Les Barrell

Personal information
- Full name: Leslie Peter Barrell
- Date of birth: 30 August 1932
- Place of birth: Colchester, England
- Date of death: 2010s
- Place of death: Tikipunga, New Zealand
- Position(s): Winger

Senior career*
- Years: Team / Apps / (Gls)
- Lexden Wanderers
- Harwich & Parkeston
- 1956: Colchester United / 4 / (1)
- Clacton Town
- Total:  / 4 / (1)

= Les Barrell =

English footballer (1932–2010s)

Leslie Peter Barrell (30 August 1932 – 2010s) was an English footballer who played as a winger in the Football League for Colchester United.

==Career==
Leslie Peter Barrell was born in Colchester on 30 August 1932. He joined hometown club Colchester United on a professional basis in 1956, having played amateur football for Lexden Wanderers.

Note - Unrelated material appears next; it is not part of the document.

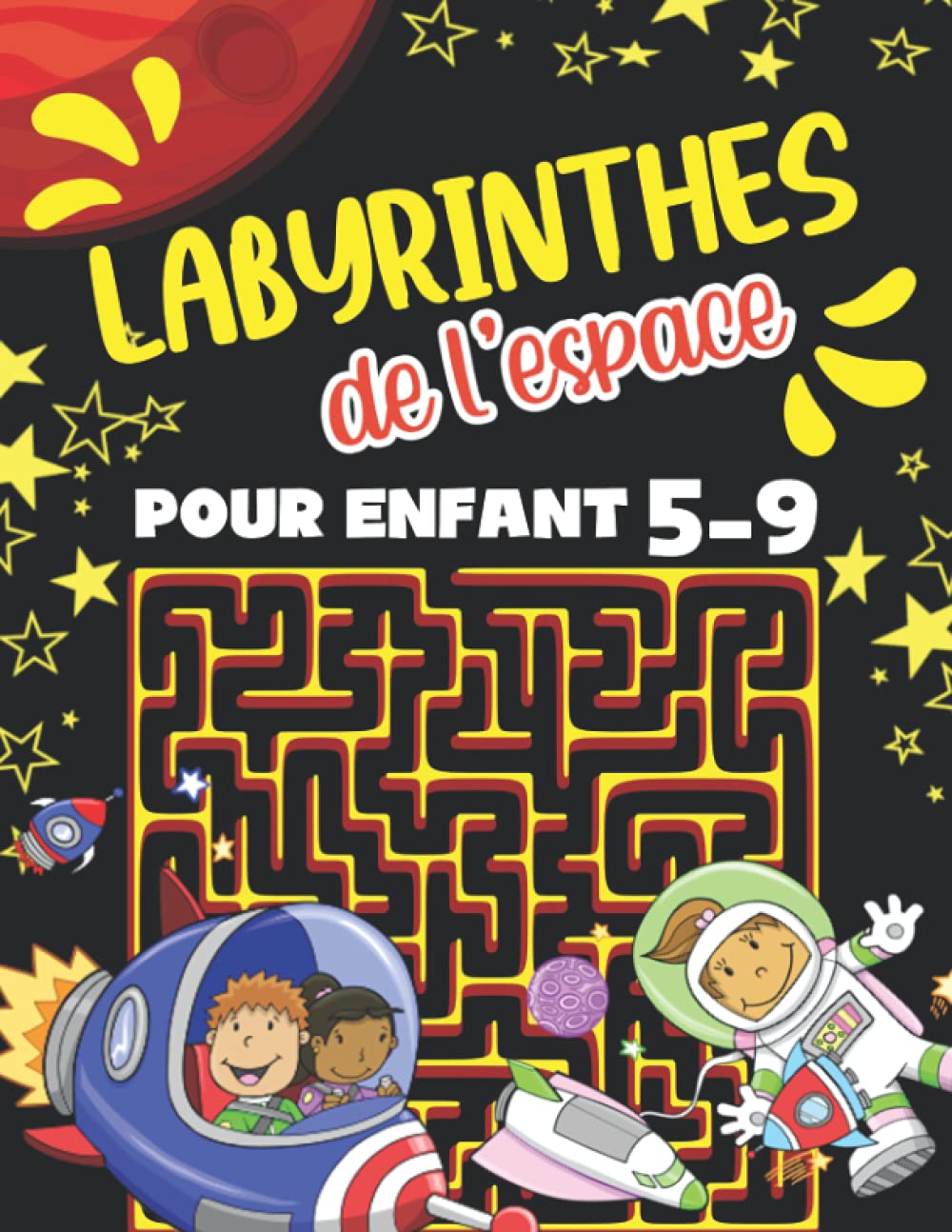 Labyrinthe de l'espace Pour Enfant 5-9: Livre Labyrinthe Pour Enfant 5-7 Et 7-9 ans. Cahier d'Activités Amusant Pour Enfants de 4-8 Et 6-9 ans. ... Jeux de Résolution de Problèmes Stimulants book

He played briefly for Colchester's 'A' team in 1952–53, but switched between Layer Road and Harwich & Parkeston a number of times before finally becoming squad member. He scored on his debut for the U's in the Essex derby against Southend United, his only goal for the club, in a 3–2 home victory on 18 August 1956. He signed part-time professional terms in December 1956, but by this time, Barrell had already made three of his four appearances for Colchester. His final game came on 29 December 1956 in a 1–1 draw with Queens Park Rangers, bringing his total to one goal in four league appearances for Colchester.

==Later life and death==
On leaving Colchester, Barrell returned to non-league football with Clacton Town and then emigrated to New Zealand in 1963 where he played local football for Kamo Whangarei. He settled in Tikipunga, where he died in the early 2010s.